Records from a data collection:

***

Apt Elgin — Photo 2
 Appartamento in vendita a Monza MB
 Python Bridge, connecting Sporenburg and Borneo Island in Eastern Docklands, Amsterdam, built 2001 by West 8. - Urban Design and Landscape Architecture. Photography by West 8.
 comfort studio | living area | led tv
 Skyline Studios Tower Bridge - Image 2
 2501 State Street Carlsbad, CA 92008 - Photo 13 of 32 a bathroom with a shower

***

## Task item
Find the string "Bridge" in the entries above. Copy each line where it occurs.

## Result of the task
 Python Bridge, connecting Sporenburg and Borneo Island in Eastern Docklands, Amsterdam, built 2001 by West 8. - Urban Design and Landscape Architecture. Photography by West 8.
 Skyline Studios Tower Bridge - Image 2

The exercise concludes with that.